I've decided that its time to move on and move up the ladder into something else-I want to be in a big car which is a 50/50 shot that it might happen or might not happen. I know it might not be a big surprise that this announcement has come up but I'm sure everybody at Lakeland Speedway is not surprised that this is happening but my dreams will live up to the end and I'll keep my chin up and keep going forward toward my talent. The good news is I won't quit until after the 08' season. I won't be back to R/C racing until August 7th in 10 weeks. Right now I just need to concentrate on something I wanna do.Ever since I quit GASCAR last year it has never been a great experience-my dad didn't have the equipment,and tires to keep us a float and if he would have the equipment I would stay but that's not the case today. I basically don't have the right equipment to stay with Jerry,Mike,and now today RJ and Skillet."SORRY GUYS,BUT ITS TIME TO MOVE ON!!!!!!!!!HOPE YOU GUYS UNDERSTAND."

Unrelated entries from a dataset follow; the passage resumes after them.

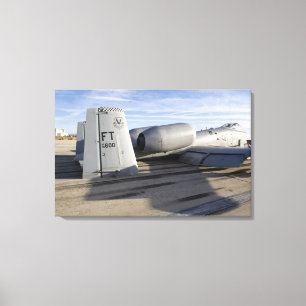 Der Schwanzabschnitt eines A-10 Thunderbolt II Leinwanddruck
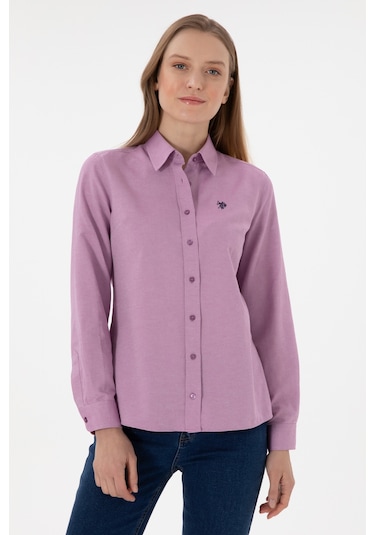 U.s. Polo Assn. Kadın Menekşe Gömlek Basic 50307726-vr037 Menekse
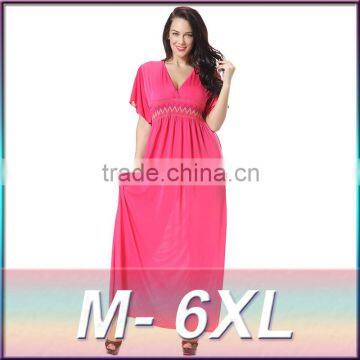 A new summer wave on behalf of V collar plus size dress code sago seaside beach skirt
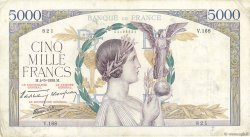 5000 Francs VICTOIRE Impression à plat FRANKREICH  1939 F.46.05 S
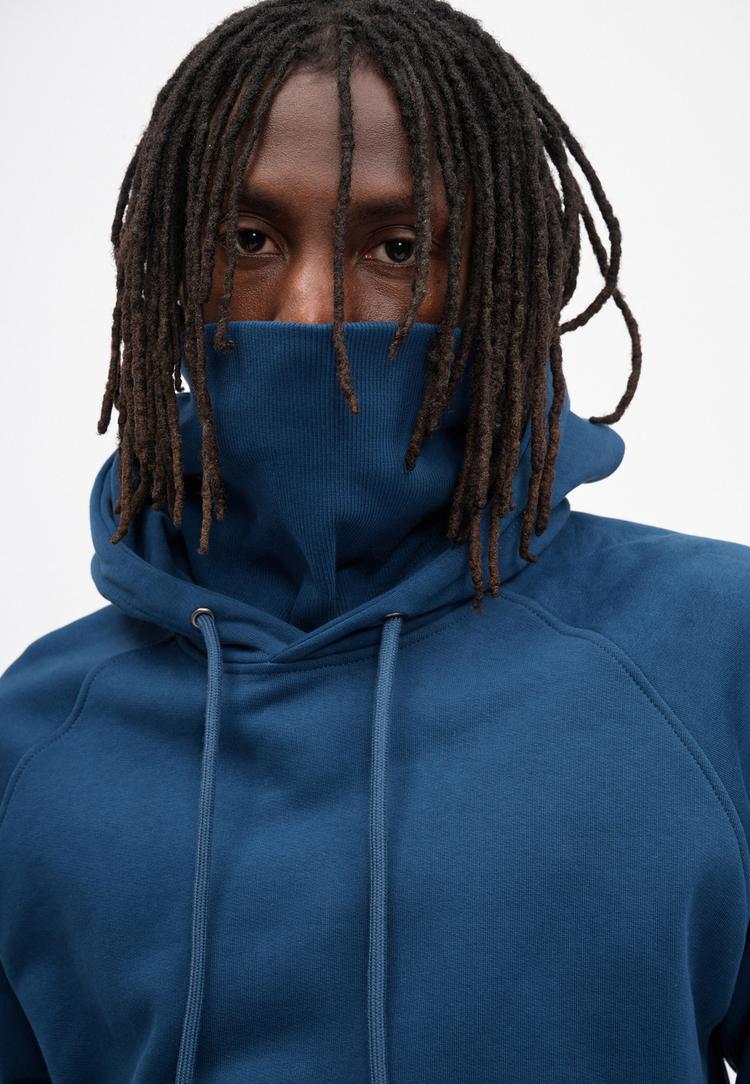 Cleptomanicx Cleptomanicx Mask Hoodie Herren - Estate Blue - 3 | SportScheck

_*Andrew Simmons #23 truck*_ _*and#5 car*_


----------



## Mike Clark (Apr 28, 2007)

Hi Andrew,
Well Andrew if you reconsider we'll still be in the same place racing the same old BRP cars. However giving up something that really does not cost you more than a few bucks every other week is understandable if you don't enjoy that type of racing!

Now the part about not being competative is nonsence. Your rides are just a good as anyone's there and you ability is a definite cut above the average racers. What you need to learn is to make sure that your cars are ready to be placed onto the track and raced. Be prepaired to race.
With most of the guys running in the 2.75 escond range you can't have anything draging, stay off the grass run and run consistant laps.

The last time you raced you had just got your new transmitter tuned up and working great but you truck & car bodies were ridding to low and scraping on the racing surface. That can't be good for lap times. 

we'll see you next thursday night.


----------